Dear Millennials: Voting for a third party candidate in this election is the worst thing you can do for American democracy

now i’m no millennial. i’m an optimistic, cynical, disillusioned, tail-end genXer. i have done a lot of research on law, i know the members of SCOTUS, and i feel like i know more about the political climate than your average person. and you know what’s democratically worse than voting for a third party?

being so bullied and vote-shamed that you don’t vote at all.

my vote is my vote, and i am an american who has a right to vote for whom she wants. whether that’s donald trump, hillary clinton, write-in bernie sanders, or vote for the marijuana now party, i can do that. the stranglehold the two-party system has on our country is really holding us back from some people who might actually make a difference in leading this country.
i remember the 2000 election; i was at st. ben’s, and there were arguments in classes about how if enough people voted for nader and he got 5% of the popular vote, it would open up federal funding for the green party in 2004 and give the american people a more diverse field of leaders to choose from. the argument was that it was a forward-looking vote. unfortunately, the george bush fiasco has overwhelmed that initial reasoning, and al gore’s loss was blamed on nader supporters. at the same time, nader only got 2% of the popular vote. 
i am not one of those people who stays home on major elections; i will always vote. but there are people out there who might plan on voting, then get so overwhelmed by the vitriol out there that they stay home. i know people who aren’t voting because neither of the major party presidential candidates are appealing, and therefore none of the state campaigns get a vote either.
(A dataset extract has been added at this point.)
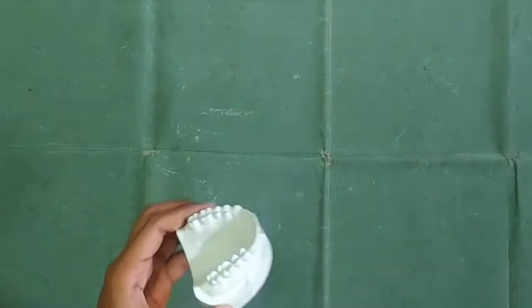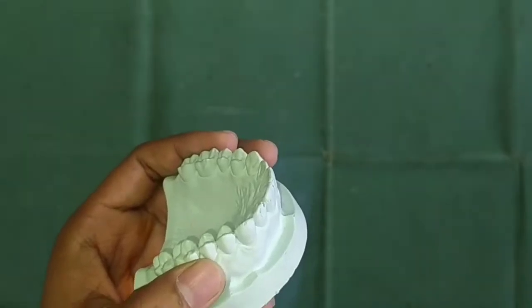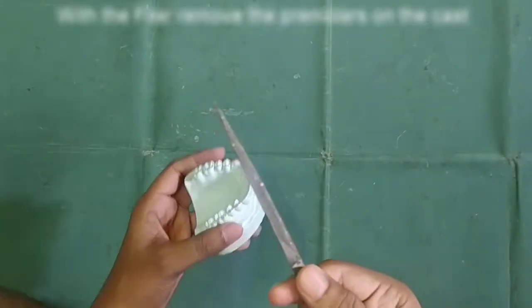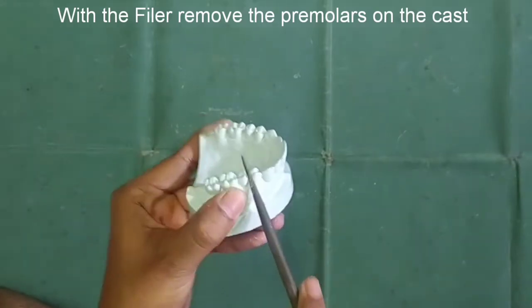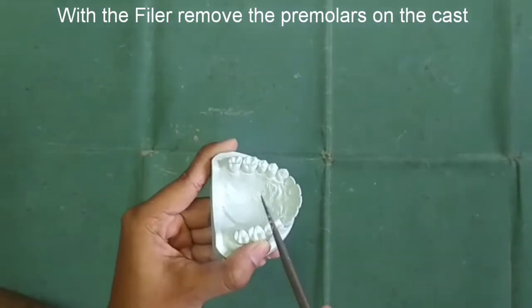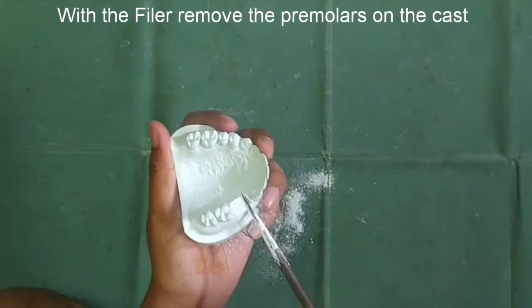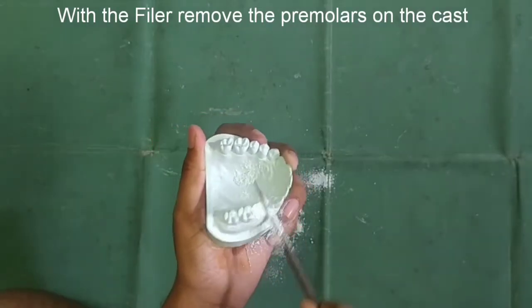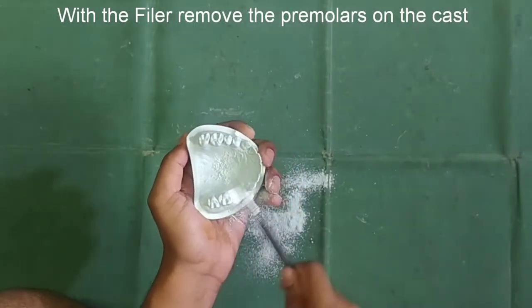I am using this ideal cast and I am going to fix the premolars. I will file the premolars on the cast with the filer, filing a bit below the cervical line, such that our acrylic tooth will completely fit into it.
instead of discouraging people from voting for someone or using scare tactics, we should be encouraging everyone to get out and vote for WHATEVER CANDIDATE THEY WANT. that’s what democracy is. that’s how it works. i’m sorry if you don’t like it. 

and here’s the kicker: at the end of the day, i’ll probably end up voting for hillary clinton. the idea of trump as president is scary and gets me to the “literally can’t even” white girl disgusting level. even though i’m in a relatively blue state when it comes to presidential elections, and the state would probably go blue even if i voted for someone else, i will, most likely, vote for hillary. 
but that’s my decision, and being bullied into it is not the way to get people, especially millennials who are voting for the first or second time, to take part in the democratic process.